(329)相対評価と絶対評価

 カクヨムでも人気のジャンルとして「異世界ファンタジー」が君臨している様に思える。


 色々な異世界ファンタジーがあるけど、人気があるのは結局「王道のテンプレ感」を備えた作品な気もしている訳で。


 ふむ、これはこれで興味深い事だ。


 昔から、「女性は白馬の王子様を求めている」という意見を聞いたことがある。


 ディズニー作品もそういう作品が多いし、不屈の名作と呼ばれるものは、総じてそうした要素が含まれている気がする訳で。


 僕はそうしたテンプレから脱却しようと、奇をてらった作品を書く事に執着していたが、多くの人に楽しく読んでもらう為には、そうした「テンプレ要素」を踏まえておく必要があるのではないかと思えてきた訳で。


 で、テンプレの異世界ファンタジーってどういう要素が必要なのだろうか。


 まずは異世界ファンタジーってくらいだから、異世界に行かなくちゃならない。


 そしてその異世界には、主人公が交通事故や過労で死んで、異世界に行く前に神様的なものに出会い、チート能力を付与されて、そして異世界で無双するという流れも必要なのだろう。


 まあ、無双するかどうかはテンプレ要素とは別物かも知れないが、もう一つ、恋愛要素が必要なのだろうと思っている。


 ドラマチックな展開には、「守らなければならないもの」というのが必要で、それを守る為に「他の大切な何かを犠牲にする」というのも必要なのだろう。


 そこには主人公の葛藤が生まれ、その葛藤が物語に深みを持たせる事に必要な要素という事なのかも知れない。


 そこには美男子や美少女みたいなヒーローやヒロインが必要で、ここがいわゆる「白馬の王子様」の要素になってくるのだろう。

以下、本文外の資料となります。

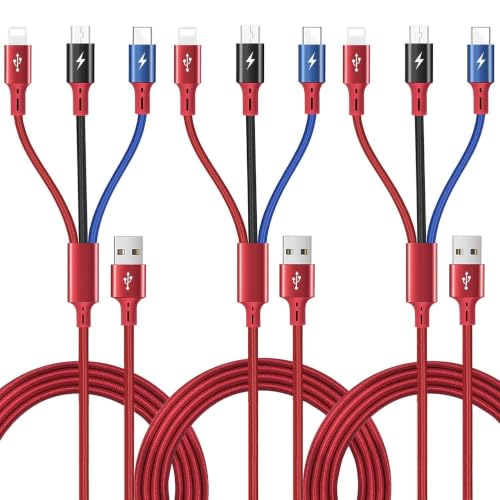3Pack 5Ft Multiple Charging Cable 3-in-1 Braided Multi Charger Cord Fast Charging Cable Multi Charger Cable for Type C/Micro USB Port for Cell Phones/iPhone 17 16 15 14 13/Samsung/PS/Tablets & More | Universal 3 in 1 Multiple USB Cable Charging Cord with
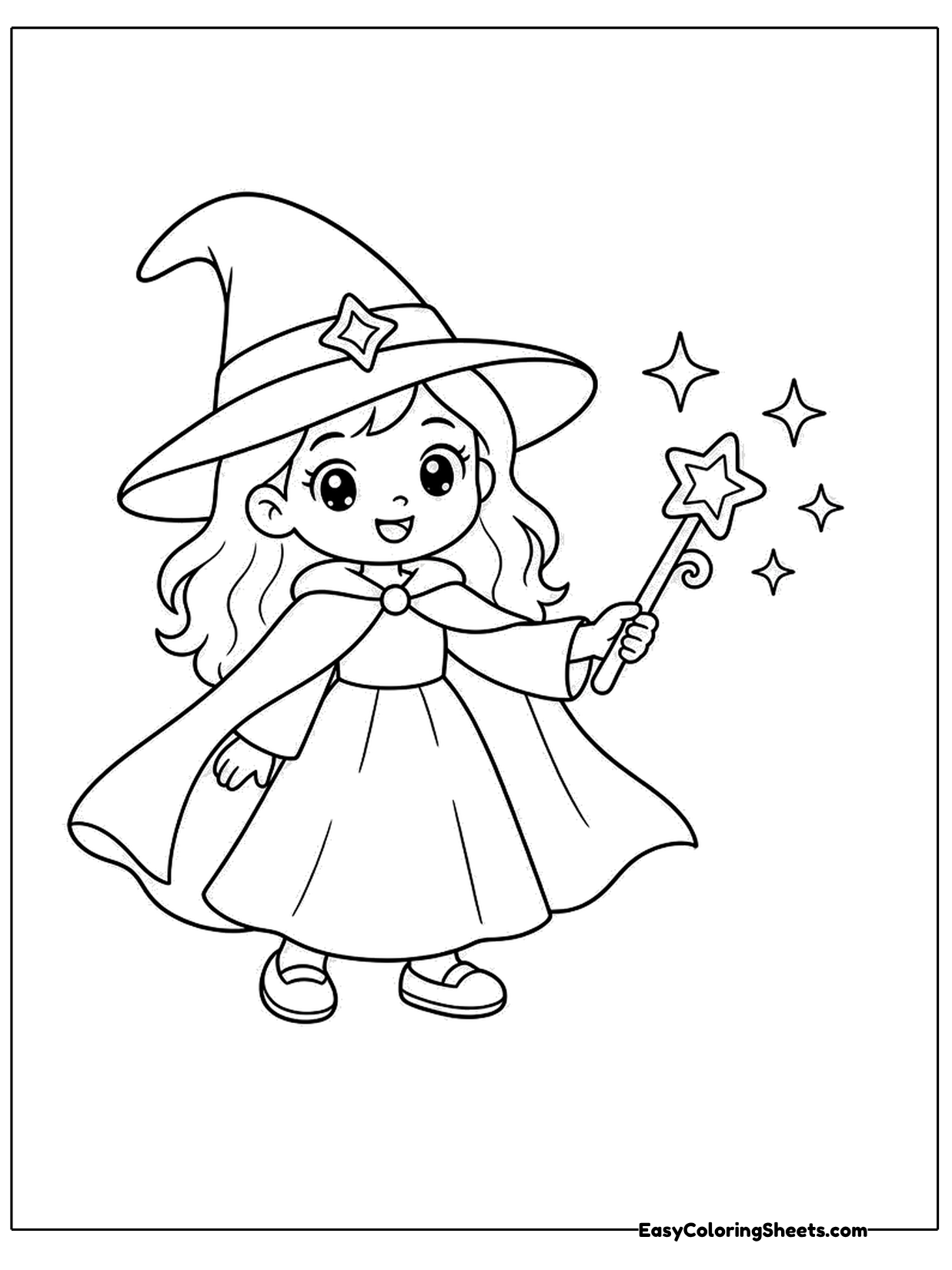 A girl in a witch hat holds a sparkling wand.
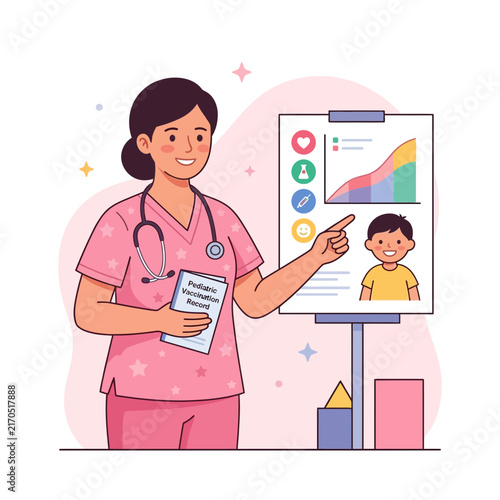 Pediatrician Presents Vaccination Records and Growth Chart to Smiling Child, Healthcare Concept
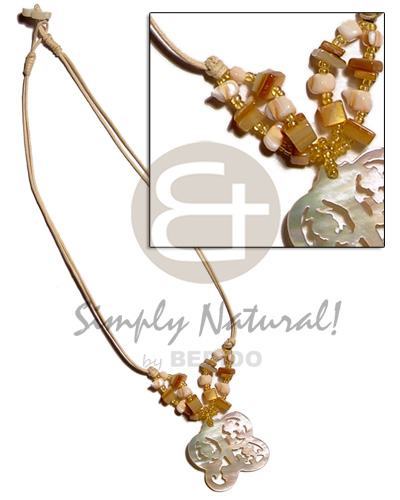 40mm carved butterfly MOP in double wax cord  mosaic & goldlip beads accent - Home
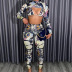color butterfly print long-sleeved chest-wrap top high waist trousers lounge set NSJYF136196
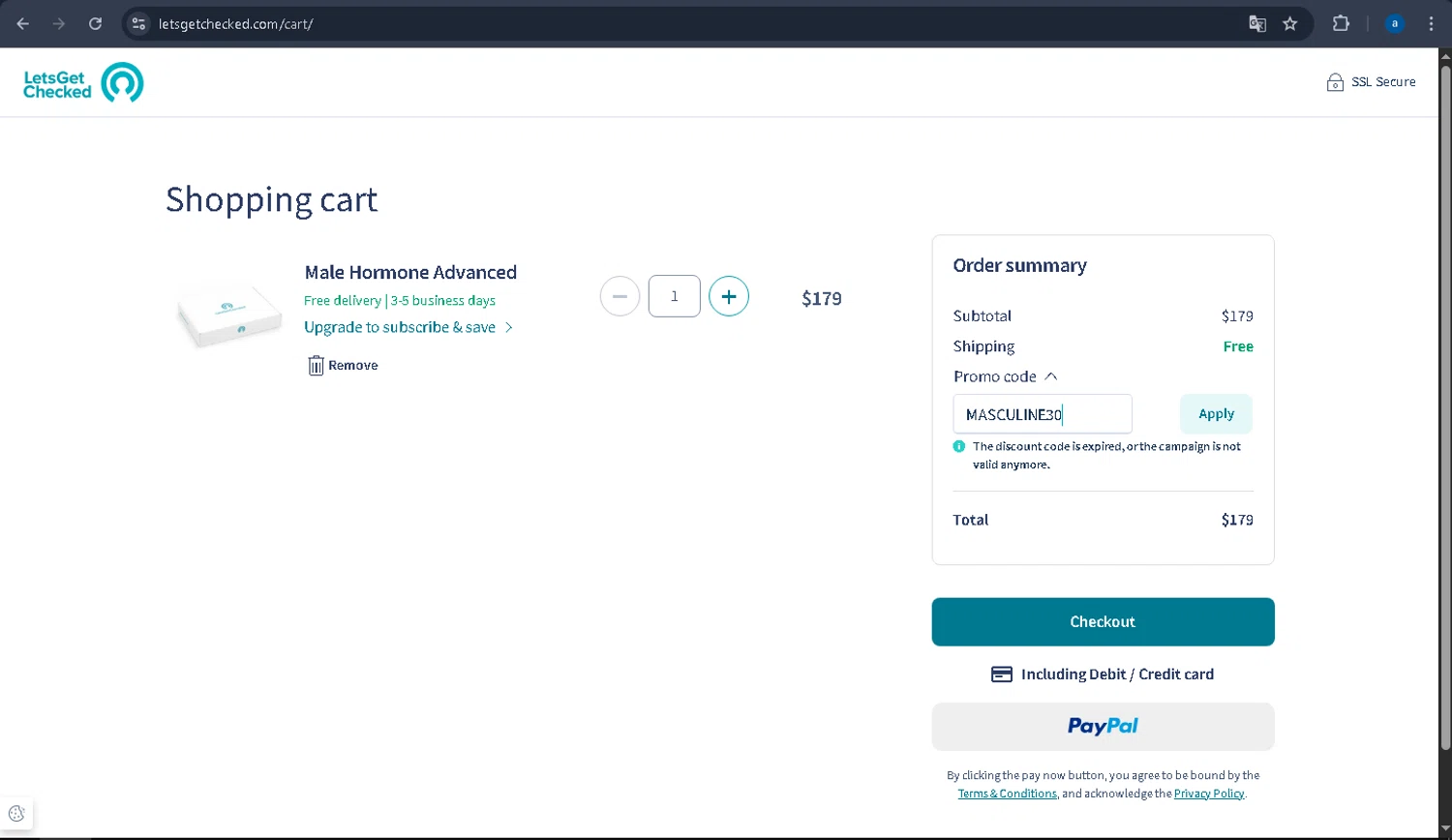 LetsGetChecked promo code screenshot showing code MASCULINE30 applied at LetsGetChecked checkout page. Uploaded by SimplyCodes community member yuss007 on May 11, 2025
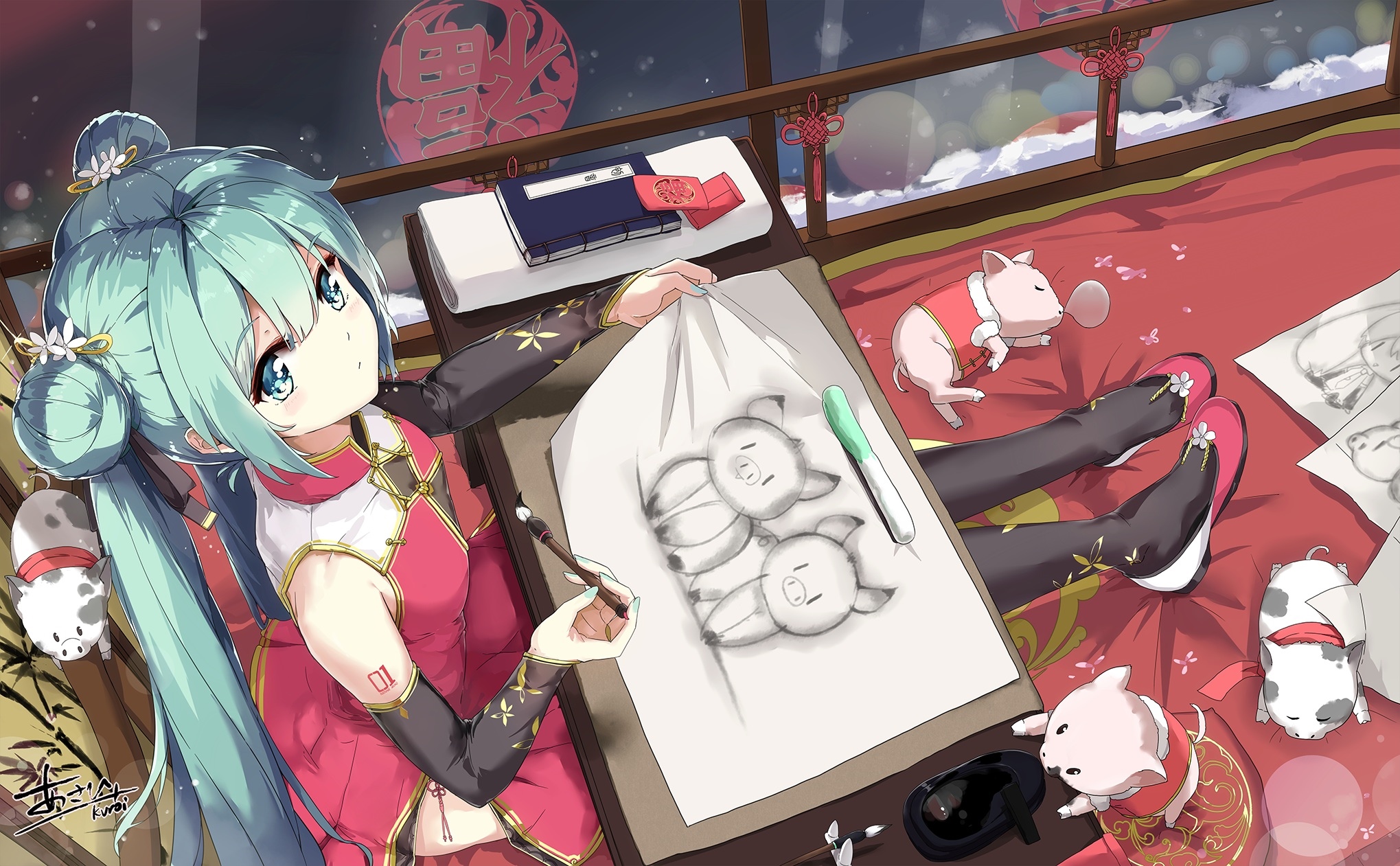 Hatsune Miku drawing pigs in traditional Chinese attire HD Wallpaper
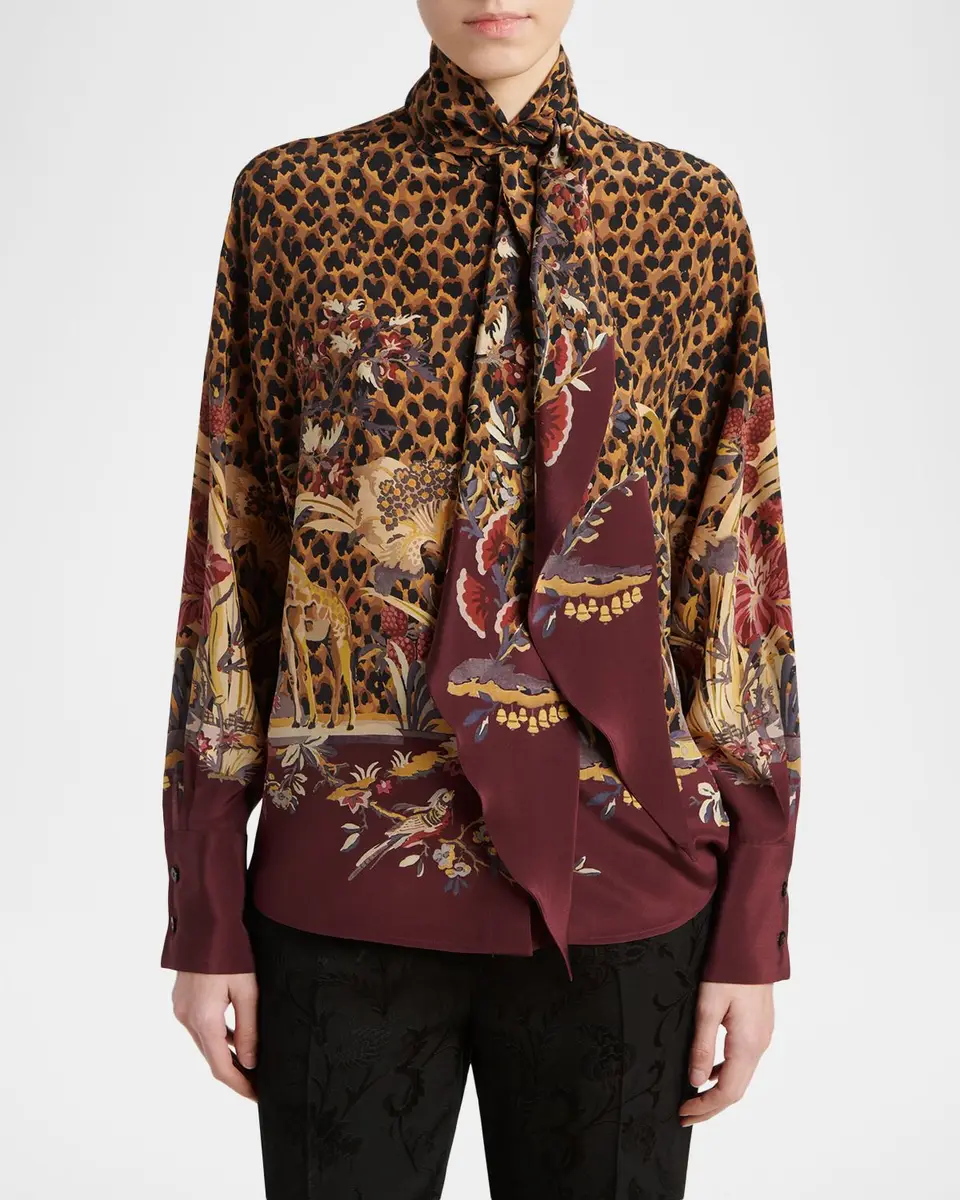 Etro Paisley Animal-Print Silk Neck-Scarf Blouse | Thumbnail 4 Etro Paisley Animal-Print Silk Neck-Scarf Blouse | Thumbnail 4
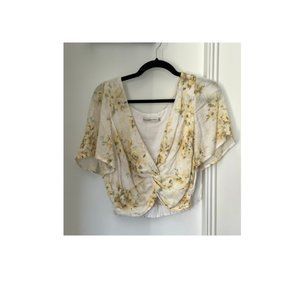 Abercrombie and Fitch Yellow Floral Twist Top Size Medium
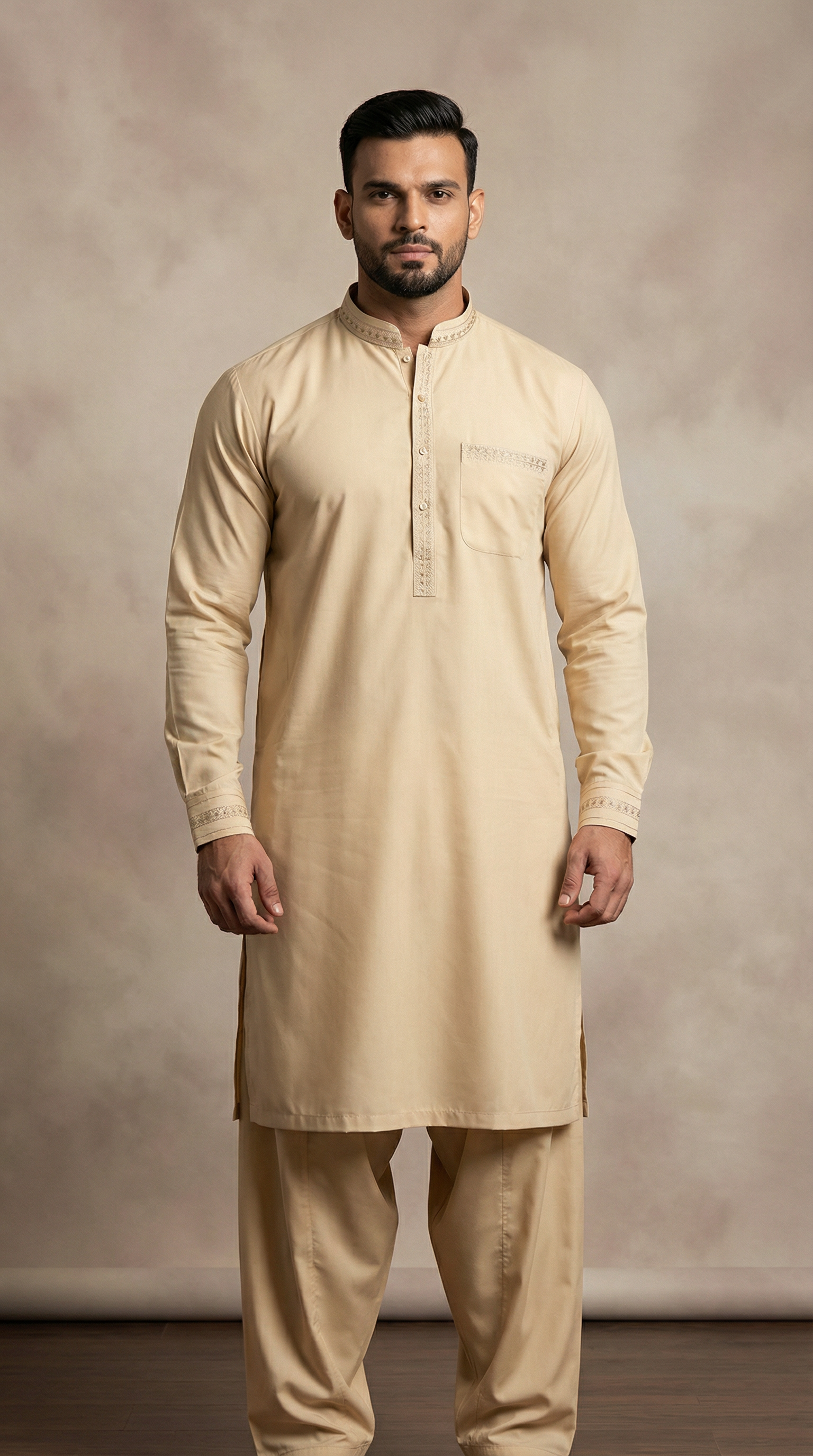 Men’s Cream Shalwar Kameez – Classic Ethnic Wear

 これらの要素以外はどんなオリジナリティがあっても良いのだと思うが、先述の要素は、いわゆる料理でいうところの「出汁だし」みたいなもので、これがなければ料理の旨味が足りないというか、物語が水っぽい薄味な作品になってしまうという事なのだろう。


 しかし、僕にはそんなテンプレ感を演出できる作品が書ける気はしていない。


 何故なら、僕はひねくれ者だからだ。


 ひねくれ者というのは大概、「王道で戦うと弱い」が故に、「奇襲で戦う」という事な訳で。


 要は、僕は王道で戦う弱いので、奇をてらった作品で、他と比較しにくい作品で勝負するしか無いという事だ。


 他と比べて「あの作品より面白い」みたいな評価は、いわゆる「相対評価」な訳だ。


 逆に、奇をてらった前例の無い作品というのは「他に比べるものが無いので、その作品を純粋に評価するしかない」という事で、つまりは「絶対評価」とでも呼ぶべきものになるのだろう。


 が、奇をてらった作品を書こうとしている僕自身、まったくもって新しい作品を書くなんて出来そうにない。


 だって、僕はけっこう「現実主義者」だったりもするからだ。


 そんな僕に書ける、「絶対評価」を得られそうな作品って、どんなジャンルなんだろうな。


 そもそも、「ジャンルにとらわれない」なんて事も必要なのかも知れないが、そんな根本的な事から考えていく必要があるのかも知れないな。


 ・・・結局、何がしたいのかさえ見失いそうになるが、できる事しか出来ないのが僕なので、出来る範囲で何か面白い作品を書きたいと思う、今日の僕なのであります。